Stage 08 — Prompting

The cheapest way to change an LLM’s behavior. No training, no data, no GPU — just better instructions. Prompting alone gets you 80% of the way for many production problems.

Prerequisites

Stage 07 (modern LLMs)
Working API access (Anthropic, OpenAI, or local model)

Learning ladder

Prompt fundamentals — system, user, assistant; chat templates; context windows
Few-shot & chain-of-thought
Structured outputs — JSON mode, tool calling, schemas
Advanced techniques — self-consistency, ReAct, tree of thoughts, reflexion
Sampling & decoding — temperature, top-p/k, beam, speculative

MVU

You can:

Reach for prompting first; know when to escalate to RAG, fine-tuning, or agents
Write a robust system prompt that survives adversarial inputs
Force valid JSON output 100/100 times for a non-trivial schema
Pick sampling parameters for a given task (creative vs deterministic)

Exercise

Write a prompt that classifies emails into 8 categories with 95%+ accuracy on a held-out set of 100 examples.

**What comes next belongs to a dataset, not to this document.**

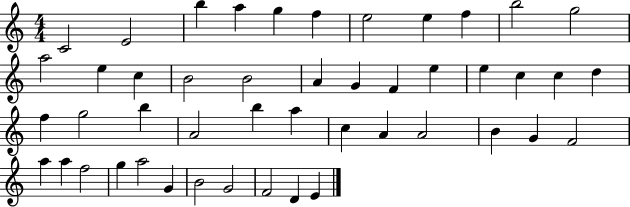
C4/h E4/h B5/q A5/q G5/q F5/q E5/h E5/q F5/q B5/h G5/h A5/h E5/q C5/q B4/h B4/h A4/q G4/q F4/q E5/q E5/q C5/q C5/q D5/q F5/q G5/h B5/q A4/h B5/q A5/q C5/q A4/q A4/h B4/q G4/q F4/h A5/q A5/q F5/h G5/q A5/h G4/q B4/h G4/h F4/h D4/q E4/q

Then break it with adversarial cases. Iterate.

Hands-on companions

Watch it interactively:

Sampling Knobs — same real GPT-2 logits, three sliders (T, top-p, top-k), four very different outputs.
Beam Search Lab — greedy / beam / sample on real GPT-2 distributions.
Structured Outputs — editable response, live JSON-schema validator, five named “break it” experiments.
CoT Lab — reasoning-depth slider showing how partial reasoning lands on different (sometimes wrong) answers.
Few-Shot Lab — how k=0..3 examples change format adherence and label coverage.

Ship the stack:

/ship/04 — build the eval harness — measure prompt changes against a golden set, replace vibes with numbers.
/ship/13 — evals in production — A/B prompt testing with statistical rigor (paired t-test, effect-size threshold).